Yahoo Pushing Ahead With Email Authentication Plan
from the someone-had-to-do-something dept
For the past few years, various parties (users, companies, governments) have been saying that we need to do something about spam. However, every time they get together, the argument gets bogged down over things like “well, how do we define spam?” or the government comes up with some sort of quick and dirty law that does nothing to help the situation. Well, now, it appears that Yahoo has had enough of the various consortiums and groups trying to deal with the spam problem and realized, “hey, we’re a pretty big email player – maybe we can just force through a plan.” They’re working on an authentication scheme that would let senders prove they are who they say they are – which would make those who aren’t authenticated more suspect. They’re also pushing the solution out to others to try to make it a sort of de facto standard. On the whole, this doesn’t seem like a bad idea. If you could block out all the forged email, it would get rid of an awful lot of spam. Then, any of the spam that does get through could be tracked down more easily as well.
Comments on “Yahoo Pushing Ahead With Email Authentication Plan”
SMTP Auth
ISP’s and anyone else running a mailserver have the option of turning on authentication so that one has to authenticate before being able to send an email. If ISP’s haven’t bothered to enforce this I see little reason why they would implement the Yahoo initiative.

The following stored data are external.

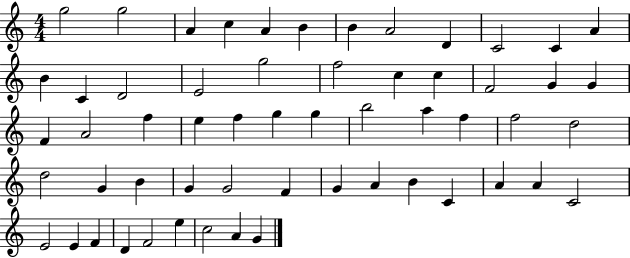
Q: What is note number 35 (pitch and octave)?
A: D5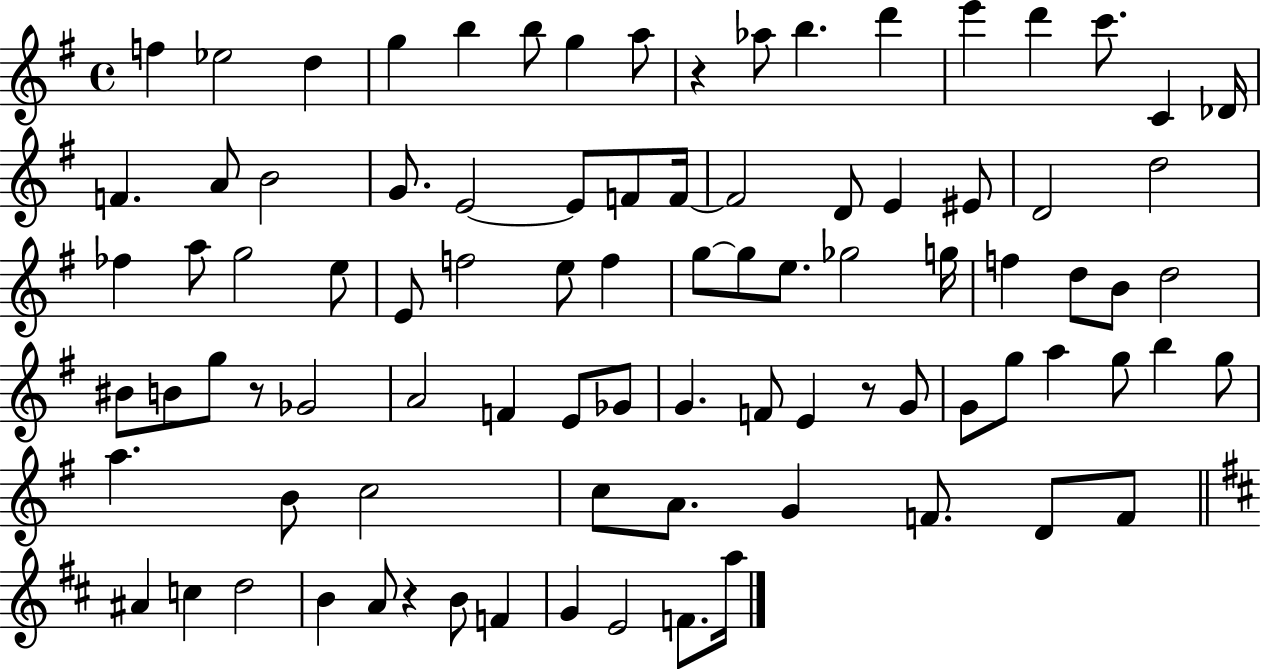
{
  \clef treble
  \time 4/4
  \defaultTimeSignature
  \key g \major
  \repeat volta 2 { f''4 ees''2 d''4 | g''4 b''4 b''8 g''4 a''8 | r4 aes''8 b''4. d'''4 | e'''4 d'''4 c'''8. c'4 des'16 | \break f'4. a'8 b'2 | g'8. e'2~~ e'8 f'8 f'16~~ | f'2 d'8 e'4 eis'8 | d'2 d''2 | \break fes''4 a''8 g''2 e''8 | e'8 f''2 e''8 f''4 | g''8~~ g''8 e''8. ges''2 g''16 | f''4 d''8 b'8 d''2 | \break bis'8 b'8 g''8 r8 ges'2 | a'2 f'4 e'8 ges'8 | g'4. f'8 e'4 r8 g'8 | g'8 g''8 a''4 g''8 b''4 g''8 | \break a''4. b'8 c''2 | c''8 a'8. g'4 f'8. d'8 f'8 | \bar "||" \break \key d \major ais'4 c''4 d''2 | b'4 a'8 r4 b'8 f'4 | g'4 e'2 f'8. a''16 | } \bar "|."
}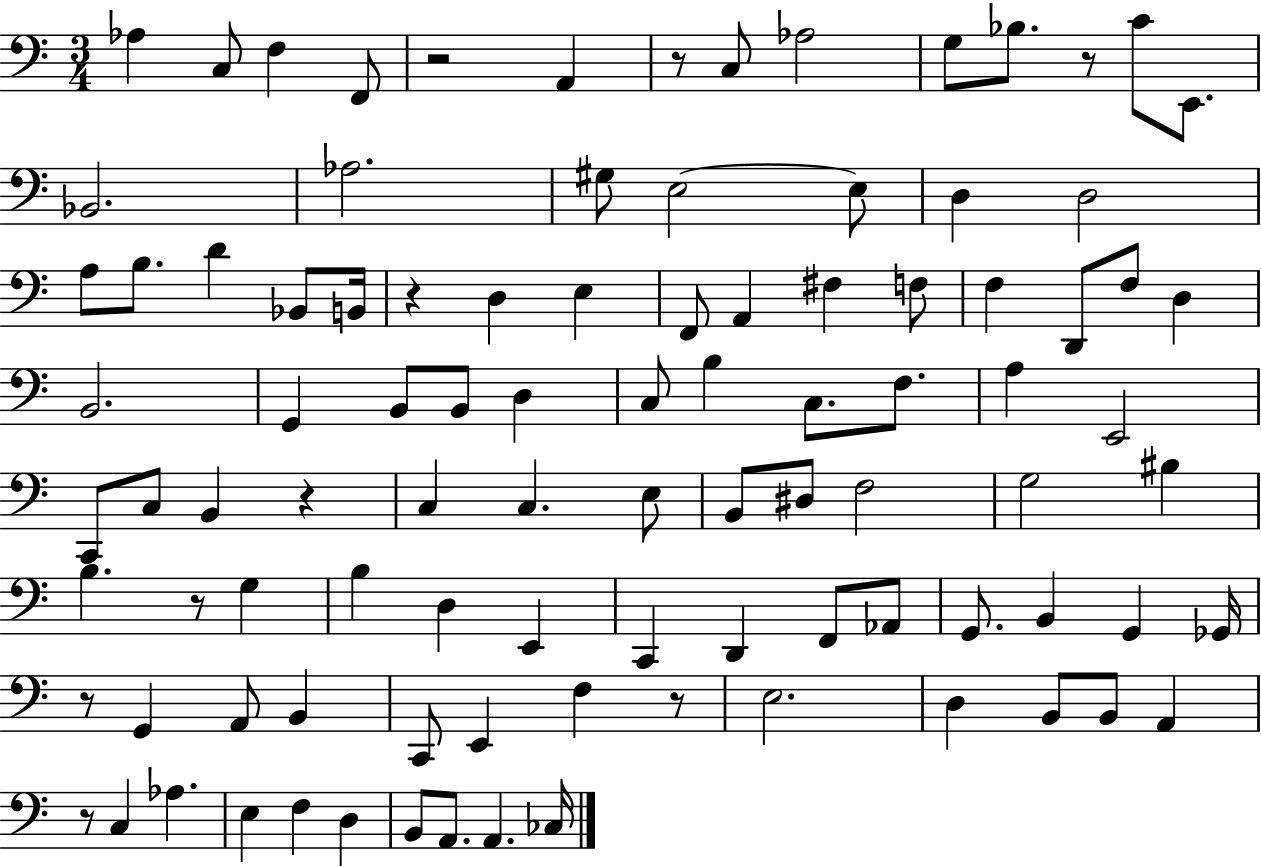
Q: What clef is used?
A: bass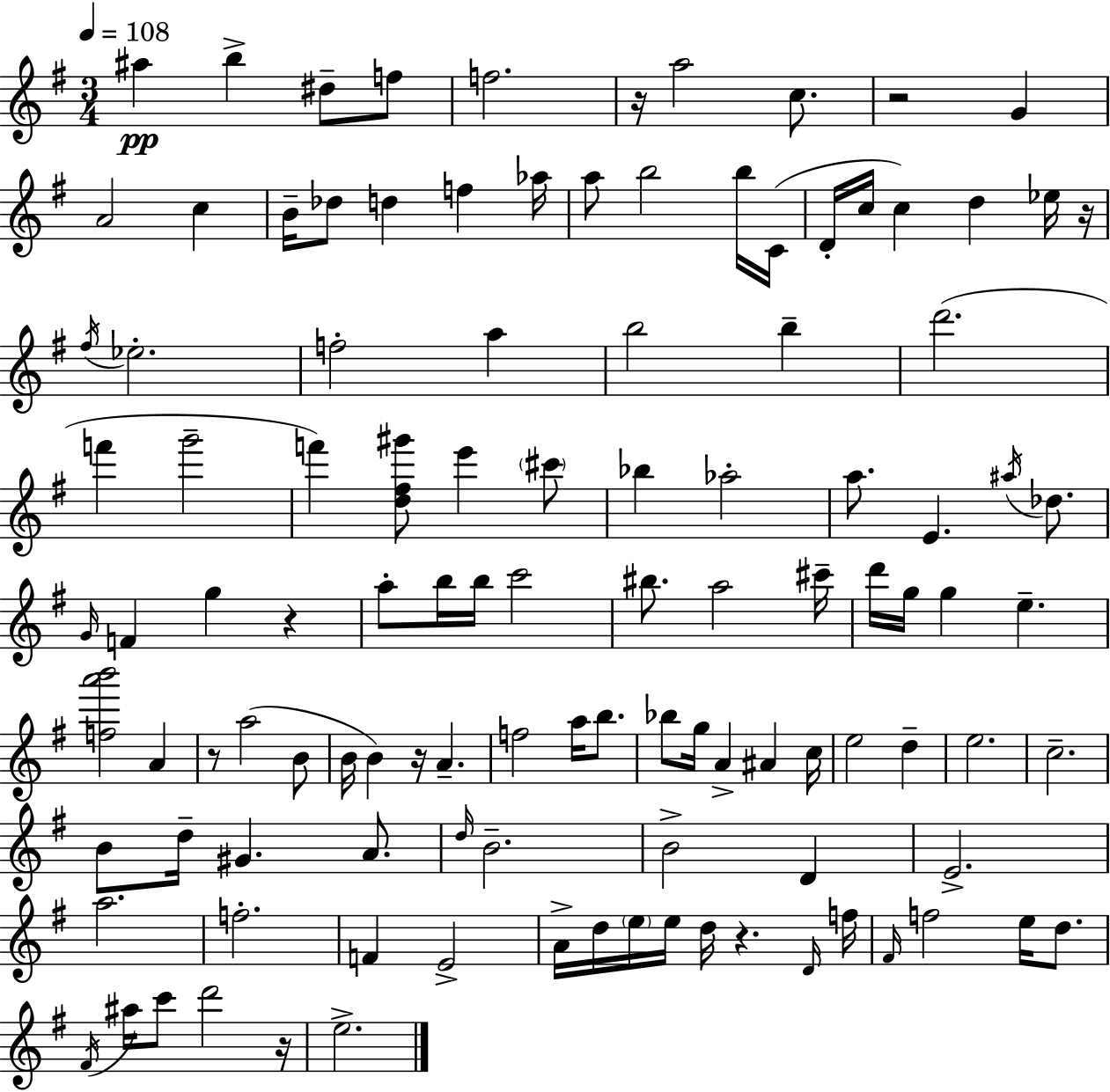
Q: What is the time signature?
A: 3/4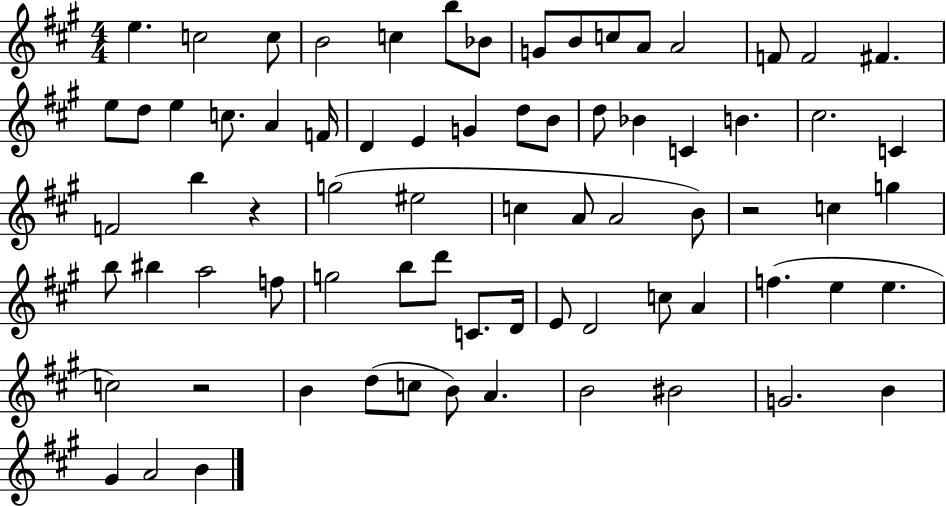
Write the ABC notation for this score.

X:1
T:Untitled
M:4/4
L:1/4
K:A
e c2 c/2 B2 c b/2 _B/2 G/2 B/2 c/2 A/2 A2 F/2 F2 ^F e/2 d/2 e c/2 A F/4 D E G d/2 B/2 d/2 _B C B ^c2 C F2 b z g2 ^e2 c A/2 A2 B/2 z2 c g b/2 ^b a2 f/2 g2 b/2 d'/2 C/2 D/4 E/2 D2 c/2 A f e e c2 z2 B d/2 c/2 B/2 A B2 ^B2 G2 B ^G A2 B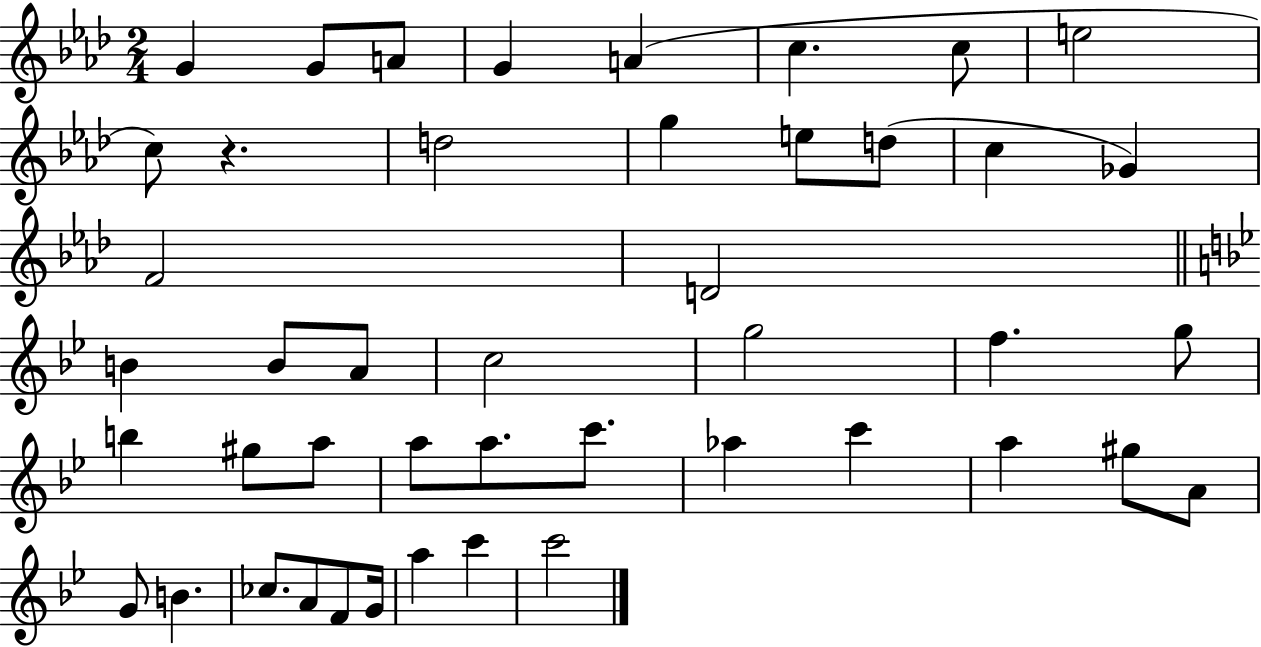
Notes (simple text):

G4/q G4/e A4/e G4/q A4/q C5/q. C5/e E5/h C5/e R/q. D5/h G5/q E5/e D5/e C5/q Gb4/q F4/h D4/h B4/q B4/e A4/e C5/h G5/h F5/q. G5/e B5/q G#5/e A5/e A5/e A5/e. C6/e. Ab5/q C6/q A5/q G#5/e A4/e G4/e B4/q. CES5/e. A4/e F4/e G4/s A5/q C6/q C6/h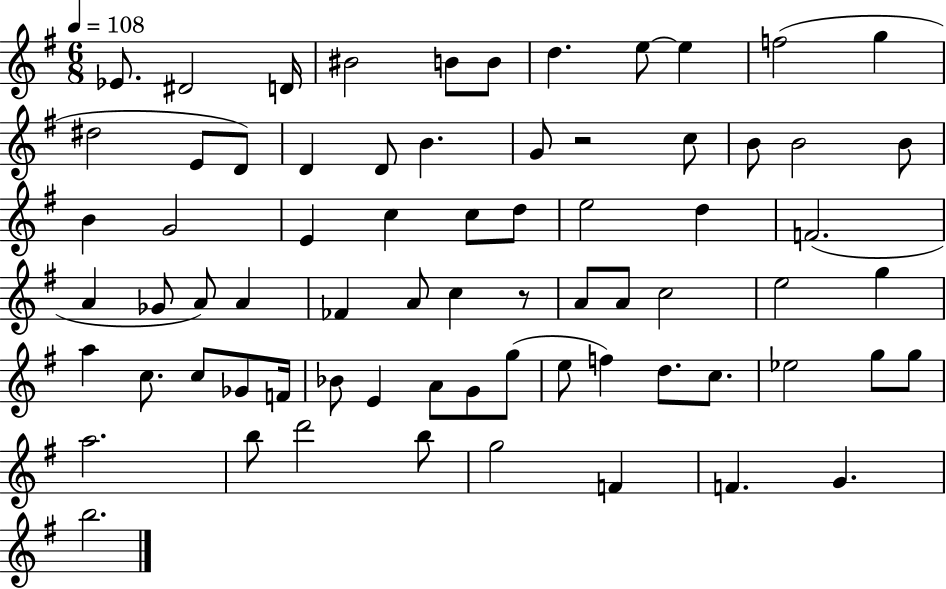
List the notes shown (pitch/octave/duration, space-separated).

Eb4/e. D#4/h D4/s BIS4/h B4/e B4/e D5/q. E5/e E5/q F5/h G5/q D#5/h E4/e D4/e D4/q D4/e B4/q. G4/e R/h C5/e B4/e B4/h B4/e B4/q G4/h E4/q C5/q C5/e D5/e E5/h D5/q F4/h. A4/q Gb4/e A4/e A4/q FES4/q A4/e C5/q R/e A4/e A4/e C5/h E5/h G5/q A5/q C5/e. C5/e Gb4/e F4/s Bb4/e E4/q A4/e G4/e G5/e E5/e F5/q D5/e. C5/e. Eb5/h G5/e G5/e A5/h. B5/e D6/h B5/e G5/h F4/q F4/q. G4/q. B5/h.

So I don’t think this will go anywhere at all. Not to mention that Yahoo is doing this on their own with little or no input from anyone else.
how does this help?
The article doesn’t say how this will stop spam except for the small number of people who use a whitelist and accept email only from people they already know. ISP’s can already boot customers who send spam. Some even do.
Re: how does this help?
Yahoo already uses a sort of tiered model, where bulk mail is delivered to a special directory but not automatically deleted. The same approach could be a useful refinement to the whitelist approach: instead of blocking mail from anyone you don’t know, that other mail would simply be dropped into a special directory, that you could look through less frequently. That’s a whitelist approach I would actually use. What doesn’t interest me is any system that automatically deletes or blocks what it identifies as spam, since I don’t trust an automated system to make that decision with 100% accuracy.
No Subject Given
Yahoo employee Jeremy Zawadny has a not too positive opinion of this at http://jeremy.zawodny.com/blog/archives/001169.html
Interesting Concpet
I think the idea with an authentication system is, that it will reduce the number of mails that need to be filtered. Right now, there is no way to tell if an email is who it says it is.
With this system yahoo won’t have to filter anythign that comes from them.
If MS Exchange would adopt this, 75% of all email would be authenticated. This only leaves 25% of emails that have the possibility of being from a rogue server.